◆ **Task description**:
Find the line containing "BROWON Business Polo" in the listing below. Repeat it exactly, along with each following line up to and including the one containing "Mountain Bike Tyres".

*** Opening Material for this task ***

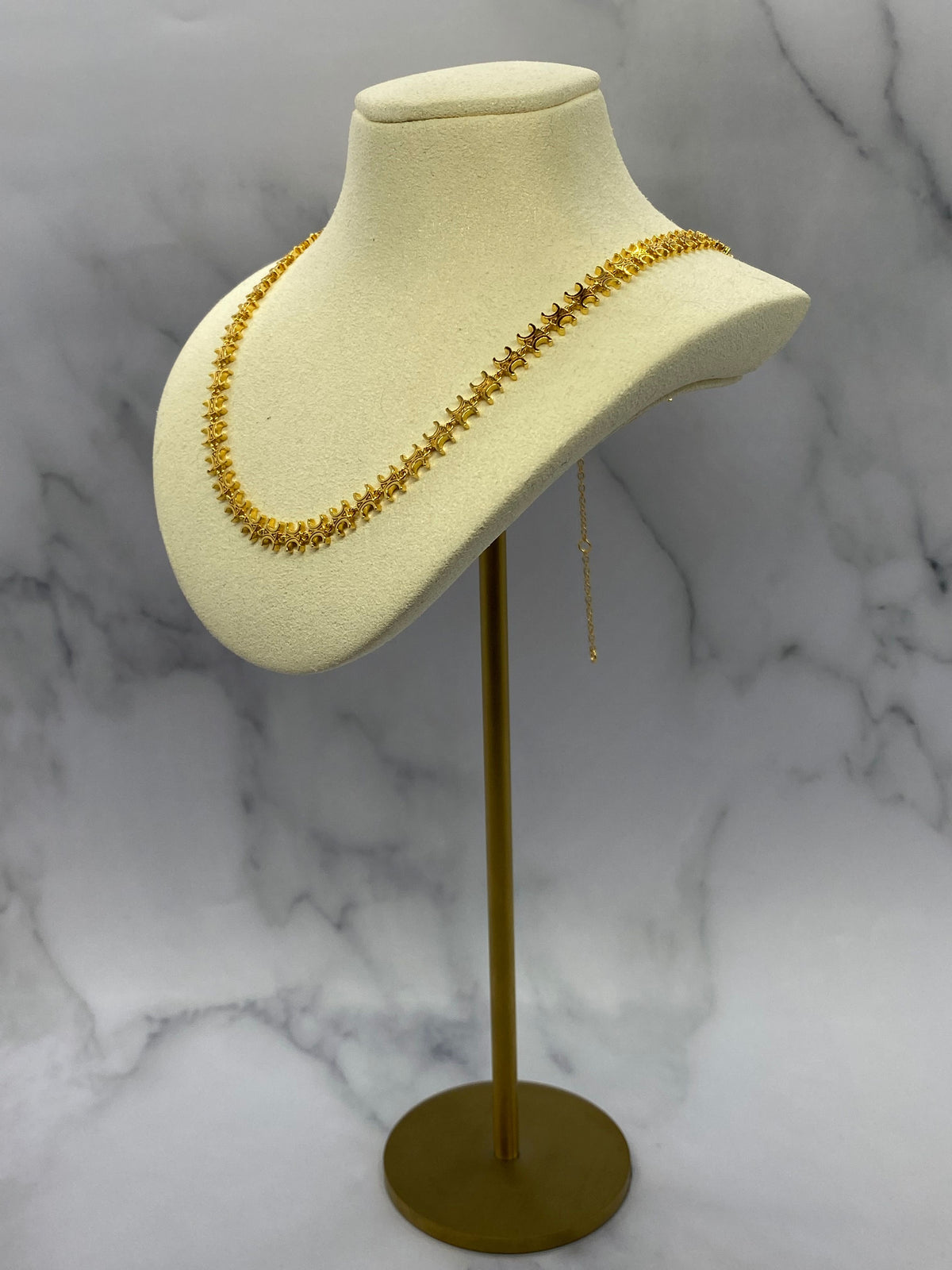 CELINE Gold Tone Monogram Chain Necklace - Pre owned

*** Closing Material for this task ***
*** Opening Material for this task ***

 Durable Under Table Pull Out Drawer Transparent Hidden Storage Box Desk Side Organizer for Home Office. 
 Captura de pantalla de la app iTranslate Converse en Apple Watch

*** Closing Material for this task ***
*** Opening Material for this task ***

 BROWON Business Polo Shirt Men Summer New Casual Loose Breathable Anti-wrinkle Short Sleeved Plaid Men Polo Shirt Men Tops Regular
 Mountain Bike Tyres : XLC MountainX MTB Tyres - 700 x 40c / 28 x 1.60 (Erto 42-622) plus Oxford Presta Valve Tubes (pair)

*** Closing Material for this task ***

◆ **Written solution**:
 BROWON Business Polo Shirt Men Summer New Casual Loose Breathable Anti-wrinkle Short Sleeved Plaid Men Polo Shirt Men Tops Regular
 Mountain Bike Tyres : XLC MountainX MTB Tyres - 700 x 40c / 28 x 1.60 (Erto 42-622) plus Oxford Presta Valve Tubes (pair)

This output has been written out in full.